The American dream will always be to own a home, but there’s a new variation on that standard: the dream of owning your own vacation home. Airbnb has revolutionized the world of vacation rentals, giving everyday homeowners an easy and relatively risk-free way to take advantage of the short-term rental market. Add to that the Florida tax-break and there’s little to no reason not to buy a vacation home.
If one of your dreams is to buy a home and then rent it out short-term, then there are some things you’ll need to know before taking the plunge. An ideal vacation home typically doesn’t look exactly like a typical permanent residence, so you’ll want to make sure you’re considering all the potential pitfalls and maximizing return on your investment.
Buy a rentable home
If you aren’t going to be living in your new home in your favorite vacation spot year-round, short-term rentals are the best way to have frequent access to your home. But every area is a little bit different so you’ll want to do some research and make sure that short-term rentals are allowed in the place you want to buy.
In addition to local laws and guidelines, it’s not a bad idea to look up similar-sized homes nearby on Airbnb or VRBO to get a feel for the short-term rental standards. Some communities have a more upscale feel than others, and you’ll want your property to look just as polished as the competition, so ask yourself how much work it would take to get the home up to local standards when you’re walking around with a real estate agent.
And always pay close attention to the basics (like plumbing and electricity) when it comes to a vacation home. It can be difficult to maintain a vacation home because there isn’t tenant continuity, and if a pipe bursts on an offseason, you might not know about it for days or possibly weeks. The best way to avoid a problem like that is to buy a place that is already in good to excellent condition and then do appropriate maintenance.
… But be careful about relying on rental income
The problem with counting on short-term rental income is that you really don’t know what to expect. Vacation spots that have seasonal “rushes” will be pretty busy during the months when people want to visit, but if you don’t plan for the downtime, you could wind up financially pinched.
Or are you buying at a price peak and that the home’s value will decline instead of appreciating after you buy it? These are great questions to consult with your agent.
Understand the taxes
You can deduct mortgage interest on your second home (although recent tax changes that affect mortgage interest deductions apply to second homes, too, so this has changed for high-end properties between $750,000 and $1 million in sales price). And there are other tax advantages, but you’ll need to make sure you’re following all the rules.
One of those rules concerns how long you can spend in your vacation home: You can only occupy it for two weeks or 10 percent of total rental days (whichever is greater). That could be as much as a month in an area with constant short-term rental turnover, but don’t surpass that two-week occupation timeframe if you aren’t certain that you won’t be penalized.
And if you rent your vacation home out for more than 15 days a year, then you’ll need to claim that income with the IRS and pay taxes on it, including some taxes you might not have considered (lodging tax and tourist tax come to mind).
Don’t forget the ‘hidden’ costs
On top of the typical homeowners’ insurance and property taxes in addition to the mortgage, there are other costs of owning a vacation home.

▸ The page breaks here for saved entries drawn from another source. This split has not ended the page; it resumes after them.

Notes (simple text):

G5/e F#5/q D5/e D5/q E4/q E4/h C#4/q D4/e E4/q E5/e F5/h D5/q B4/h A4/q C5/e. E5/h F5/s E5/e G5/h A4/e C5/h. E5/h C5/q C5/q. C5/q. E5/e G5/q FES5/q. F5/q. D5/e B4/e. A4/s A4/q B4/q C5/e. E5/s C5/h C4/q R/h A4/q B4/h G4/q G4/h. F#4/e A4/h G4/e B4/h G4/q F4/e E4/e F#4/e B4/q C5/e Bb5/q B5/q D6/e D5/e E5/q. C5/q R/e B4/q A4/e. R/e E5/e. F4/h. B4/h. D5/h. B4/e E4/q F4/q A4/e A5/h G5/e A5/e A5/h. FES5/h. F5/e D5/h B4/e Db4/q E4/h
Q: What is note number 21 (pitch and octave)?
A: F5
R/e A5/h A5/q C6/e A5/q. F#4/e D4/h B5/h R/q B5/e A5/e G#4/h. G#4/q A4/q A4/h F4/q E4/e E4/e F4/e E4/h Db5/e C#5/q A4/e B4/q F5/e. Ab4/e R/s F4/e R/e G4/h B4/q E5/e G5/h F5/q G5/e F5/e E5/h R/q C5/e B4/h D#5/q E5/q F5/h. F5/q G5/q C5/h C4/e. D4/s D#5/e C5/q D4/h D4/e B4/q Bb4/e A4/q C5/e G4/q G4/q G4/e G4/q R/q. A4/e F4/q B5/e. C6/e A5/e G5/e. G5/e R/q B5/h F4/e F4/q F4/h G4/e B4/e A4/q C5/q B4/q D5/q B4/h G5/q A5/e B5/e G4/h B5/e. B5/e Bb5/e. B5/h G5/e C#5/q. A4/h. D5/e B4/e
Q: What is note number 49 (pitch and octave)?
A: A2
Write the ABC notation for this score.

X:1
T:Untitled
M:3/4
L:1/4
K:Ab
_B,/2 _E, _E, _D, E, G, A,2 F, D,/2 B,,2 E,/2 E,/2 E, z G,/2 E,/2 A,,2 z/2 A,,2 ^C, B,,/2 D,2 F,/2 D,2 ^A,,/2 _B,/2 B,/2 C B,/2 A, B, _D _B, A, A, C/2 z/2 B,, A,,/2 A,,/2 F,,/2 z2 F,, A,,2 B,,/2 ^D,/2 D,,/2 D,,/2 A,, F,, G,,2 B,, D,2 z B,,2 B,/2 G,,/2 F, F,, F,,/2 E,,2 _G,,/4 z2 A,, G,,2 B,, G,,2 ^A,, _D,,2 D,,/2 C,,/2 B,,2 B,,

Insurance is usually more expensive, for a start; insurers figure that someone occupying a property is going to be more likely to find and fix a potentially big problem before it escalates than an absentee owner, and they charge accordingly.
Speaking of a potentially big problem while you’re away, have you thought about who’s going to watch and maintain the home for you? Vacant homes are more attractive for certain crimes, too, so you might want to invest in some light timers and regular pop-ins from a local to make sure everything is safe.
And you’ll need to maintain the utilities at the home even when you’re not there, and possibly get the lawn mowed and the flowers watered, too. There could be homeowners’ association (HOA) dues, specific local taxes, and other expenses involved.
Talk to somebody who owns a vacation home in the area, an experienced real estate agent, or both to get a full rundown of the costs of vacation homeownership that haven’t pinged your radar.
Now that you’ve seriously considered all the potential costs, you can set a realistic price range for a vacation home that’s within your means. Talk to professionals (like us!) to nail down what is a smart investment for you.
Remember: There’s no substitute for experience
Before you choose a vacation rental property, you need to find the right community. That will differ according to both your tastes and your budget.
And above all, make sure it’s a place you love. The stresses of owning a second home are not insubstantial, and the whole point is to make sure you have an escape and feel refreshed and relaxed when you get there. Some of that is going to hang on the individual home, of course, but quite a bit is contingent on the neighbors and community. Choose a place with people and a lifestyle that you enjoy and wouldn’t mind living for a portion of the year, and get a feel for the recreational activities and challenges of living there. It will make you a better vacationer and a better vacation home-owner when the time comes.